# lap belts. sigh.



## no5no5 (Feb 4, 2008)

So, theoretically, which is safer: a 4 year old in a booster seat with a lap-only belt, or the same child with just the lap belt and no booster? Or are both options so unsafe that you'd run out & spend $200+ on a car seat with a higher weight limit just for a few hours of driving around? Does it make a difference that it's in a bus and not a tiny little sports car?

We are currently a one-car family, so a friend offered to pick us up & drive us around a few times in her awesome, old VW bus. We also drive an older car, with lap-only belts in back, but we've currently got the booster in the front seat with lap & shoulder belts (which I believe is acceptable since there are no airbags). If we decide that the lap belt isn't safe enough, we are likely to just stay home, since we really can't afford a new car seat.

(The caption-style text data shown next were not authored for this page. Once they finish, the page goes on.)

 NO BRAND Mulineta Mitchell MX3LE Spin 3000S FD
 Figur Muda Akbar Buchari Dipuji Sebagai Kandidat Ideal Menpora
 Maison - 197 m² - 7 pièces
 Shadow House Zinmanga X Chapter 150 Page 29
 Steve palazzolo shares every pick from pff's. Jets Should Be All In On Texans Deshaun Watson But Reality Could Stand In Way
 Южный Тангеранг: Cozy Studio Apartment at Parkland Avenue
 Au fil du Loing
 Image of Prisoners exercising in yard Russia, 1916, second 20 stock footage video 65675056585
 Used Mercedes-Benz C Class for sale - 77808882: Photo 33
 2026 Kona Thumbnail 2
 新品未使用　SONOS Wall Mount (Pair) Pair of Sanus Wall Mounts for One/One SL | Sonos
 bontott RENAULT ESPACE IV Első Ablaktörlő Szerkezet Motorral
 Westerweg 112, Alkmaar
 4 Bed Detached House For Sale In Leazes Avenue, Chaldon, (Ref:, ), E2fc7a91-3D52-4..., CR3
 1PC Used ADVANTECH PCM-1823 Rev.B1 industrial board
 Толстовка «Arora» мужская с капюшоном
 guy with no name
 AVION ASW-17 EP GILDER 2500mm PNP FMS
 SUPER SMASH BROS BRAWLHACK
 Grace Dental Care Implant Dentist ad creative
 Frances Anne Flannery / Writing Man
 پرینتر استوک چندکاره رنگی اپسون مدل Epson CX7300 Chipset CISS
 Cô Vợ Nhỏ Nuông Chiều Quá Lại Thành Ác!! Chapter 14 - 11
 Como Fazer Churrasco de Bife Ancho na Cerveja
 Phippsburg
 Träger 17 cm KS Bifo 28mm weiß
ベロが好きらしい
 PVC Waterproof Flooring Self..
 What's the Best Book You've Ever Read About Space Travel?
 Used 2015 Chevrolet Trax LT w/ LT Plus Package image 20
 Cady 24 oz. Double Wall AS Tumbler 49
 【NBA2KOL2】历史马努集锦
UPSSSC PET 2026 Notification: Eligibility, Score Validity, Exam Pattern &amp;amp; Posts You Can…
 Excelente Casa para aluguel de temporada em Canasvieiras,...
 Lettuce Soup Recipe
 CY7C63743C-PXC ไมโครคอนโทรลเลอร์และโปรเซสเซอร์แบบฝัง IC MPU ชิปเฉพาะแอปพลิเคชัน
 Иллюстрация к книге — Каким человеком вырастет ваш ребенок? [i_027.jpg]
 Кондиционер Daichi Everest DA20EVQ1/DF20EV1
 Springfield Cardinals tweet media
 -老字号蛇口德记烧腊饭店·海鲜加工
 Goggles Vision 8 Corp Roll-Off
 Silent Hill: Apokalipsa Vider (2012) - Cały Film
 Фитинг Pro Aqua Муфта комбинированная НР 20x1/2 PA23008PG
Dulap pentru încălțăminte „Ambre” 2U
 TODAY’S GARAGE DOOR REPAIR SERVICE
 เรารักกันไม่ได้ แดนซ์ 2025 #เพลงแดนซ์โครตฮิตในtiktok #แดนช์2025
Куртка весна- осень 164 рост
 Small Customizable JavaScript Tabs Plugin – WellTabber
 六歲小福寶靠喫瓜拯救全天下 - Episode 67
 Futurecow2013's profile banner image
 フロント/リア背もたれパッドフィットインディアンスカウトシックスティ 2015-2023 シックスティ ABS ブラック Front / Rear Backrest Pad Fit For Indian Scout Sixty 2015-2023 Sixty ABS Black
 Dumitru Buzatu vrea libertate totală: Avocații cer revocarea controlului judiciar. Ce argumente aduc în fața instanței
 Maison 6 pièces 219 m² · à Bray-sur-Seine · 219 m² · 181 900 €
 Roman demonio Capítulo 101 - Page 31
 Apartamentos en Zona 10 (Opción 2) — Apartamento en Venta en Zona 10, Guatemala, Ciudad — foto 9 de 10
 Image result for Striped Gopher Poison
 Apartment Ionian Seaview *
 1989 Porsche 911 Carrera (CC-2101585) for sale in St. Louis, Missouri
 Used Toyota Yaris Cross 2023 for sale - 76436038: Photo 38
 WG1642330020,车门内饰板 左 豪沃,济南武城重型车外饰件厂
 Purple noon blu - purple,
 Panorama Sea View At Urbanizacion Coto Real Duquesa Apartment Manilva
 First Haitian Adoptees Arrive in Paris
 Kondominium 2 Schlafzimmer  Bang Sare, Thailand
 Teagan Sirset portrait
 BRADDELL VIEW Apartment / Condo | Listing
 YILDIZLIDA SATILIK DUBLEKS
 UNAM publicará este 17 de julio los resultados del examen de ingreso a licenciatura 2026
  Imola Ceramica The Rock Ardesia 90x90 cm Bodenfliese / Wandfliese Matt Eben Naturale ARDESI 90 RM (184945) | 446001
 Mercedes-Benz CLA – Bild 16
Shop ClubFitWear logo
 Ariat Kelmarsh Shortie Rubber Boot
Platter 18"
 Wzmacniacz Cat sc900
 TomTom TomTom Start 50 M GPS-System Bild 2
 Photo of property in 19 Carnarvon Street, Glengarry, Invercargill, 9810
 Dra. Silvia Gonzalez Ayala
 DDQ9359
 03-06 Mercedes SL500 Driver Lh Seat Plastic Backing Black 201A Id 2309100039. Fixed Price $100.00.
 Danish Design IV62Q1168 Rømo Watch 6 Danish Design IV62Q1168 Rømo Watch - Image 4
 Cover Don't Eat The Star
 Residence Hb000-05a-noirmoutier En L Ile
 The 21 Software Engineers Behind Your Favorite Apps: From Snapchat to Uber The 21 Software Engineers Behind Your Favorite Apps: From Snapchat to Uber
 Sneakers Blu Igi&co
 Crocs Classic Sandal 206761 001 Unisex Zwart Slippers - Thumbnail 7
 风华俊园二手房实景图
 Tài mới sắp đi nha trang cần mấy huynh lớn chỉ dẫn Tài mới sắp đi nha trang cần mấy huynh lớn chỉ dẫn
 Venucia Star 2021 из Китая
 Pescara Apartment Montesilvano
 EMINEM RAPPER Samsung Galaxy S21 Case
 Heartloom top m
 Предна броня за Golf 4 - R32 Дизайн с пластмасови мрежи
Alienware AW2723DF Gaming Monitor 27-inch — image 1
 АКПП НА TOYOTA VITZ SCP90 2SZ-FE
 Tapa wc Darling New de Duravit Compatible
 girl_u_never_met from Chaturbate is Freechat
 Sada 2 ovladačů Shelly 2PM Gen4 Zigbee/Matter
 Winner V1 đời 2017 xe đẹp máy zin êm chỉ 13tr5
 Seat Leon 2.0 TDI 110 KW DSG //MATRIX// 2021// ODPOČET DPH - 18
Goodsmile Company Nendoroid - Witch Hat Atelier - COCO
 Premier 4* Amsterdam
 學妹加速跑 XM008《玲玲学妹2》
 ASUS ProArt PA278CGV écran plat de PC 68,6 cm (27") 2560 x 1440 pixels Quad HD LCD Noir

Please be gentle. I'm obviously very concerned about DD's safety.


----------



## an_aurora (Jun 2, 2006)

I wouldn't do it, but if you do, don't use a booster.

ETA: It is dangerous enough that I would buy a 5-pt harness, because you could then use it in your own car, in the backseat. It's not safe for you to ride in the backseat with just a lapbelt, either, so it would be ideal for her to be in the back in a 5-pt harness and you up front in the lap/shoulder belt.


----------



## chickabiddy (Jan 30, 2004)

I don't write this lightly, because I understand what $200 can mean to some families, but I would not transport a child in a lap-belt only under anything short of a life-and-death emergency.

What is your child's height and weight? We may be able to come up with something under $200 for her.


----------



## Hoopin' Mama (Sep 9, 2004)

I would not do that either.
It may be worth checking the fire department, sometimes they have free carseat programs. Or Craigslist.


----------



## no5no5 (Feb 4, 2008)

She's only just now 40 lbs. We literally just switched to a booster two days ago. I'm not sure of her exact height, but it's commensurate to her weight.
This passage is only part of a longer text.